Back to the Yoga Alliance policies. I never fully understood how a 200-hour graduate could be deemed qualified enough to conduct a 200-hour teacher training course. There are no rules & regulations as to who is eligible to conduct 200-hour courses. For me, that in itself raises a big question mark as to whether the Yoga Alliance really is interested in the public's welfare. & of course, since conducting teacher training courses are much, much more lucrative than teaching regular classes, why wouldn't people want to start courses? & thus a never-ending self-destructive cycle has begun.

To me, all yoga is therapeutic, if you understand the basic fundamentals of the practice:

1. Your posture affects your breath.
2. Your breath affects your physiological, emotional & mental well-being.
3, Your breath is your teacher.

There is no such thing as 'by the third year of your yoga journey, you must be able to put one leg behind your head'. You may not even need to progress beyond a simple vinyasa sequence for years, unless you want to.

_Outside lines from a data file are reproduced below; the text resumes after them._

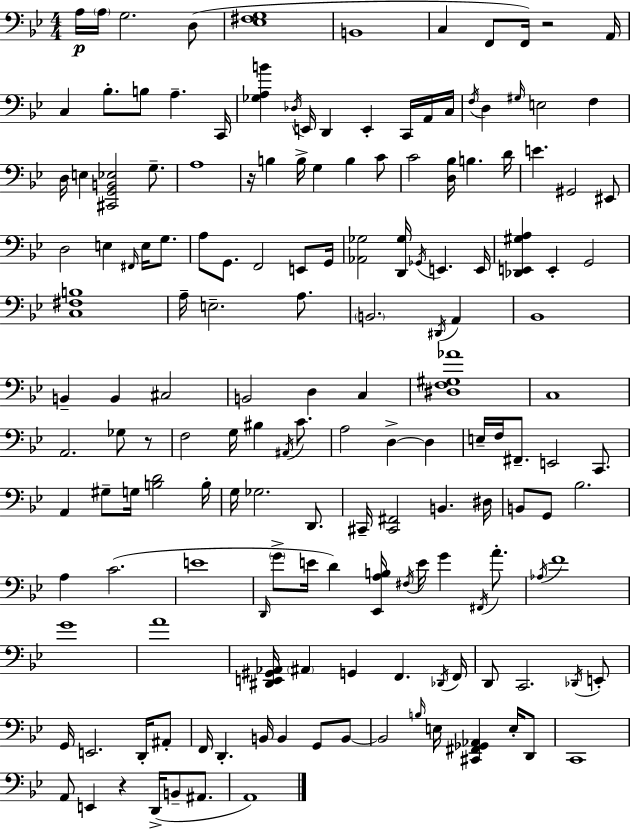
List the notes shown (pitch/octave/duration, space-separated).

A3/s A3/s G3/h. D3/e [Eb3,F#3,G3]/w B2/w C3/q F2/e F2/s R/h A2/s C3/q Bb3/e. B3/e A3/q. C2/s [Gb3,A3,B4]/q Db3/s E2/s D2/q E2/q C2/s A2/s C3/s F3/s D3/q G#3/s E3/h F3/q D3/s E3/q [C#2,G2,B2,Eb3]/h G3/e. A3/w R/s B3/q B3/s G3/q B3/q C4/e C4/h [D3,Bb3]/s B3/q. D4/s E4/q. G#2/h EIS2/e D3/h E3/q F#2/s E3/s G3/e. A3/e G2/e. F2/h E2/e G2/s [Ab2,Gb3]/h [D2,Gb3]/s Gb2/s E2/q. E2/s [Db2,E2,G#3,A3]/q E2/q G2/h [C3,F#3,B3]/w A3/s E3/h. A3/e. B2/h. D#2/s A2/q Bb2/w B2/q B2/q C#3/h B2/h D3/q C3/q [D#3,F3,G#3,Ab4]/w C3/w A2/h. Gb3/e R/e F3/h G3/s BIS3/q A#2/s C4/e. A3/h D3/q D3/q E3/s F3/s F#2/e. E2/h C2/e. A2/q G#3/e G3/s [B3,D4]/h B3/s G3/s Gb3/h. D2/e. C#2/s [C#2,F#2]/h B2/q. D#3/s B2/e G2/e Bb3/h. A3/q C4/h. E4/w D2/s G4/e E4/s D4/q [Eb2,A3,B3]/s F#3/s E4/s G4/q F#2/s A4/e. Ab3/s F4/w G4/w A4/w [D#2,E2,G#2,Ab2]/s A#2/q G2/q F2/q. Db2/s F2/s D2/e C2/h. Db2/s E2/e G2/s E2/h. D2/s A#2/e F2/s D2/q. B2/s B2/q G2/e B2/e B2/h B3/s E3/s [C#2,F#2,Gb2,Ab2]/q E3/s D2/e C2/w A2/e E2/q R/q D2/s B2/e A#2/e. A2/w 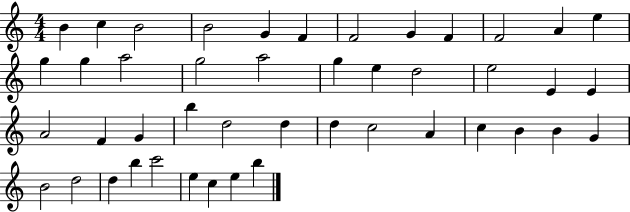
{
  \clef treble
  \numericTimeSignature
  \time 4/4
  \key c \major
  b'4 c''4 b'2 | b'2 g'4 f'4 | f'2 g'4 f'4 | f'2 a'4 e''4 | \break g''4 g''4 a''2 | g''2 a''2 | g''4 e''4 d''2 | e''2 e'4 e'4 | \break a'2 f'4 g'4 | b''4 d''2 d''4 | d''4 c''2 a'4 | c''4 b'4 b'4 g'4 | \break b'2 d''2 | d''4 b''4 c'''2 | e''4 c''4 e''4 b''4 | \bar "|."
} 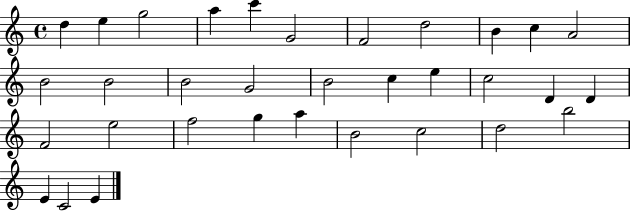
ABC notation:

X:1
T:Untitled
M:4/4
L:1/4
K:C
d e g2 a c' G2 F2 d2 B c A2 B2 B2 B2 G2 B2 c e c2 D D F2 e2 f2 g a B2 c2 d2 b2 E C2 E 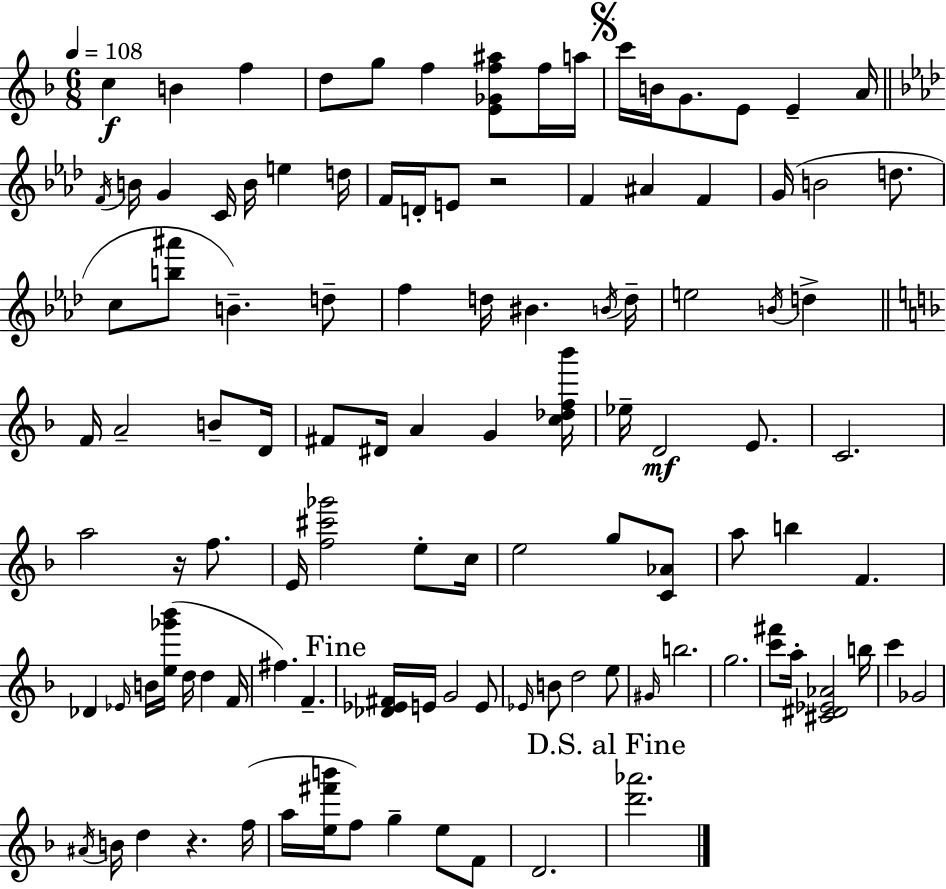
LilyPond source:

{
  \clef treble
  \numericTimeSignature
  \time 6/8
  \key d \minor
  \tempo 4 = 108
  c''4\f b'4 f''4 | d''8 g''8 f''4 <e' ges' f'' ais''>8 f''16 a''16 | \mark \markup { \musicglyph "scripts.segno" } c'''16 b'16 g'8. e'8 e'4-- a'16 | \bar "||" \break \key f \minor \acciaccatura { f'16 } b'16 g'4 c'16 b'16 e''4 | d''16 f'16 d'16-. e'8 r2 | f'4 ais'4 f'4 | g'16( b'2 d''8. | \break c''8 <b'' ais'''>8 b'4.--) d''8-- | f''4 d''16 bis'4. | \acciaccatura { b'16 } d''16-- e''2 \acciaccatura { b'16 } d''4-> | \bar "||" \break \key f \major f'16 a'2-- b'8-- d'16 | fis'8 dis'16 a'4 g'4 <c'' des'' f'' bes'''>16 | ees''16-- d'2\mf e'8. | c'2. | \break a''2 r16 f''8. | e'16 <f'' cis''' ges'''>2 e''8-. c''16 | e''2 g''8 <c' aes'>8 | a''8 b''4 f'4. | \break des'4 \grace { ees'16 } b'16 <e'' ges''' bes'''>16( d''16 d''4 | f'16 fis''4.) f'4.-- | \mark "Fine" <des' ees' fis'>16 e'16 g'2 e'8 | \grace { ees'16 } b'8 d''2 | \break e''8 \grace { gis'16 } b''2. | g''2. | <c''' fis'''>8 a''16-. <cis' dis' ees' aes'>2 | b''16 c'''4 ges'2 | \break \acciaccatura { ais'16 } b'16 d''4 r4. | f''16( a''16 <e'' fis''' b'''>16 f''8) g''4-- | e''8 f'8 d'2. | \mark "D.S. al Fine" <d''' aes'''>2. | \break \bar "|."
} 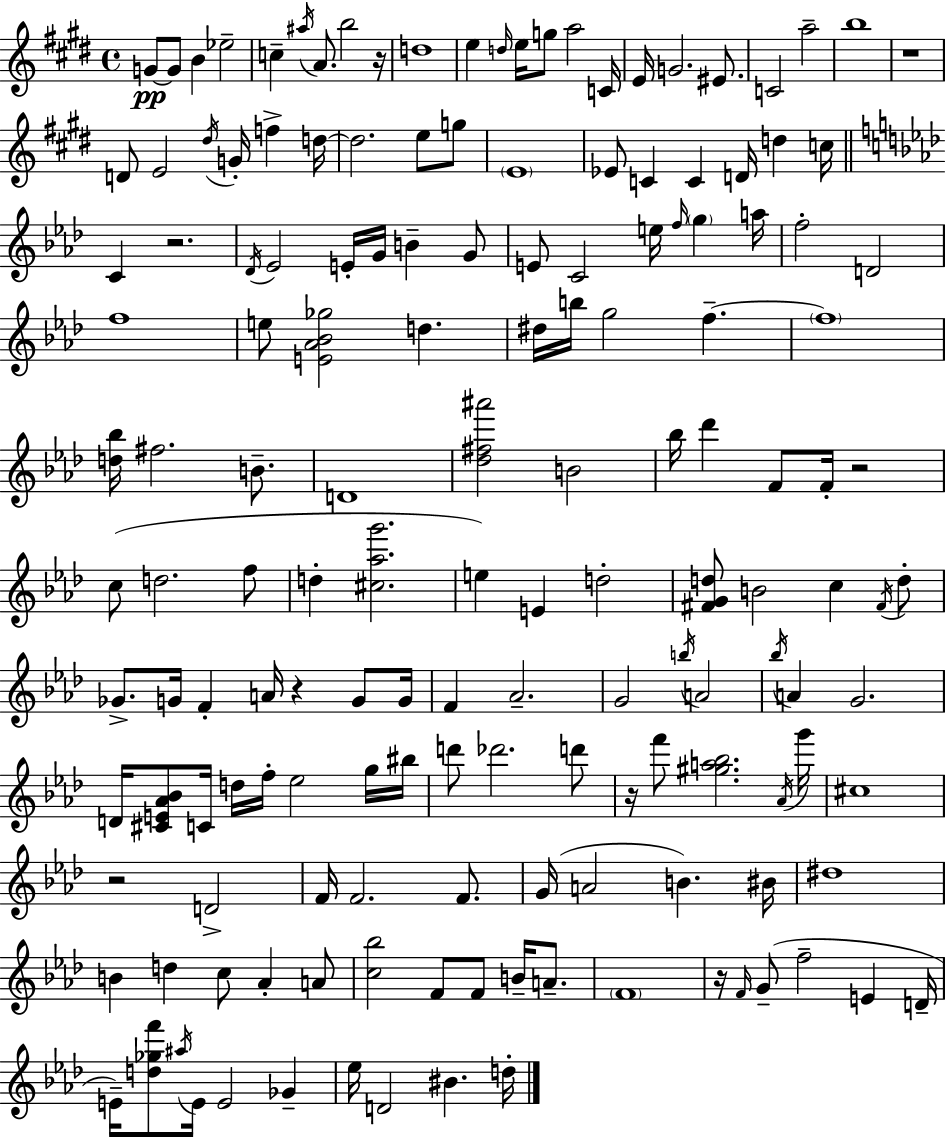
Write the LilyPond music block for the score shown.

{
  \clef treble
  \time 4/4
  \defaultTimeSignature
  \key e \major
  g'8~~\pp g'8 b'4 ees''2-- | c''4-- \acciaccatura { ais''16 } a'8. b''2 | r16 d''1 | e''4 \grace { d''16 } e''16 g''8 a''2 | \break c'16 e'16 g'2. eis'8. | c'2 a''2-- | b''1 | r1 | \break d'8 e'2 \acciaccatura { dis''16 } g'16-. f''4-> | d''16~~ d''2. e''8 | g''8 \parenthesize e'1 | ees'8 c'4 c'4 d'16 d''4 | \break c''16 \bar "||" \break \key f \minor c'4 r2. | \acciaccatura { des'16 } ees'2 e'16-. g'16 b'4-- g'8 | e'8 c'2 e''16 \grace { f''16 } \parenthesize g''4 | a''16 f''2-. d'2 | \break f''1 | e''8 <e' aes' bes' ges''>2 d''4. | dis''16 b''16 g''2 f''4.--~~ | \parenthesize f''1 | \break <d'' bes''>16 fis''2. b'8.-- | d'1 | <des'' fis'' ais'''>2 b'2 | bes''16 des'''4 f'8 f'16-. r2 | \break c''8( d''2. | f''8 d''4-. <cis'' aes'' g'''>2. | e''4) e'4 d''2-. | <fis' g' d''>8 b'2 c''4 | \break \acciaccatura { fis'16 } d''8-. ges'8.-> g'16 f'4-. a'16 r4 | g'8 g'16 f'4 aes'2.-- | g'2 \acciaccatura { b''16 } a'2 | \acciaccatura { bes''16 } a'4 g'2. | \break d'16 <cis' e' aes' bes'>8 c'16 d''16 f''16-. ees''2 | g''16 bis''16 d'''8 des'''2. | d'''8 r16 f'''8 <gis'' a'' bes''>2. | \acciaccatura { aes'16 } g'''16 cis''1 | \break r2 d'2-> | f'16 f'2. | f'8. g'16( a'2 b'4.) | bis'16 dis''1 | \break b'4 d''4 c''8 | aes'4-. a'8 <c'' bes''>2 f'8 | f'8 b'16-- a'8.-- \parenthesize f'1 | r16 \grace { f'16 }( g'8-- f''2-- | \break e'4 d'16-- e'16--) <d'' ges'' f'''>8 \acciaccatura { ais''16 } e'16 e'2 | ges'4-- ees''16 d'2 | bis'4. d''16-. \bar "|."
} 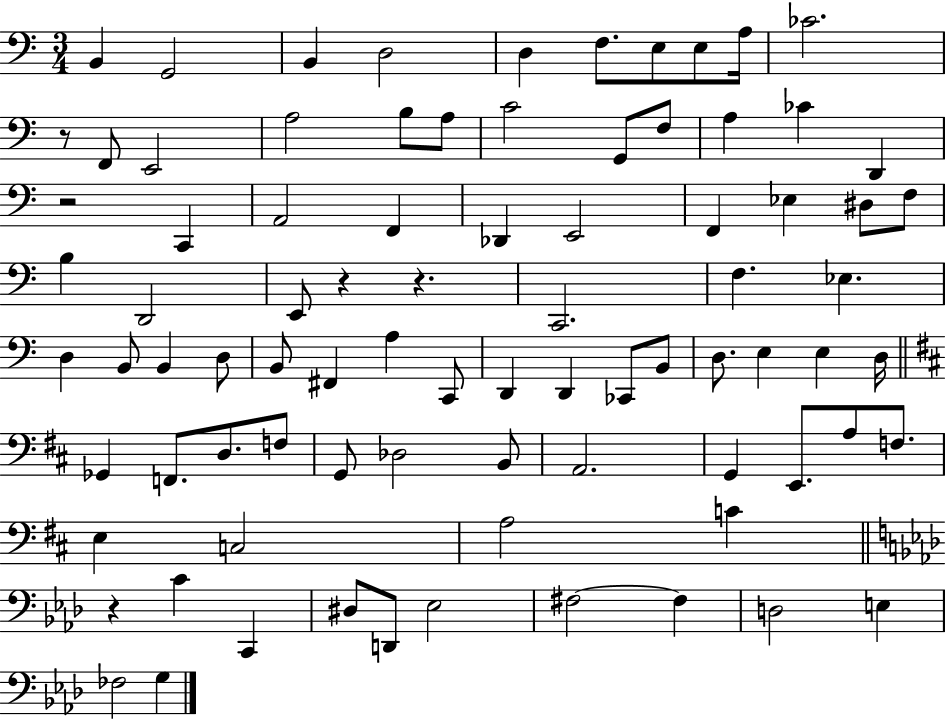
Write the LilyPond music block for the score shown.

{
  \clef bass
  \numericTimeSignature
  \time 3/4
  \key c \major
  b,4 g,2 | b,4 d2 | d4 f8. e8 e8 a16 | ces'2. | \break r8 f,8 e,2 | a2 b8 a8 | c'2 g,8 f8 | a4 ces'4 d,4 | \break r2 c,4 | a,2 f,4 | des,4 e,2 | f,4 ees4 dis8 f8 | \break b4 d,2 | e,8 r4 r4. | c,2. | f4. ees4. | \break d4 b,8 b,4 d8 | b,8 fis,4 a4 c,8 | d,4 d,4 ces,8 b,8 | d8. e4 e4 d16 | \break \bar "||" \break \key b \minor ges,4 f,8. d8. f8 | g,8 des2 b,8 | a,2. | g,4 e,8. a8 f8. | \break e4 c2 | a2 c'4 | \bar "||" \break \key aes \major r4 c'4 c,4 | dis8 d,8 ees2 | fis2~~ fis4 | d2 e4 | \break fes2 g4 | \bar "|."
}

What I'm trying to say is that, yoga is just a tool to get one into optimal state of physical well-being. If you were having a stomach ache, is your mind at peace? Will you be open to listening or contemplating the philosophies of the universe? No! Your mind will only be on the toilet, hahahahah! That being said, different intensities of yoga practices exist to accommodate the different levels of physicalities amongst people. Someone may be naturally more energetic than another, & without expelling this excess energy, he/she may not be able to sit quietly! But aha! Even in the process of 'sweating it all out', one must not lose sight of the main purpose of their yoga practice - to work within one's limitations & not push the body too much.

Yoga is also designed to bring awareness to the physical body, we are learning to cultivate & build our awareness. & what tools do we always have with us? Our physical body & breath! When awareness on the physical body starts building up, then we will naturally expand this awareness to other areas of life too. Then our actions are filled with awareness. & as Osho said, 'awareness is the seed of godliness in you'.

Only when there is awareness, can we start living consciously. Or else, it will be like we are just walking around with a veil over our faces, not knowing what we are doing, just groping about hoping to find our way through. & only through this awareness can we begin to make better choices & decisions in life. Wouldn't you say that yoga is so therapeutic?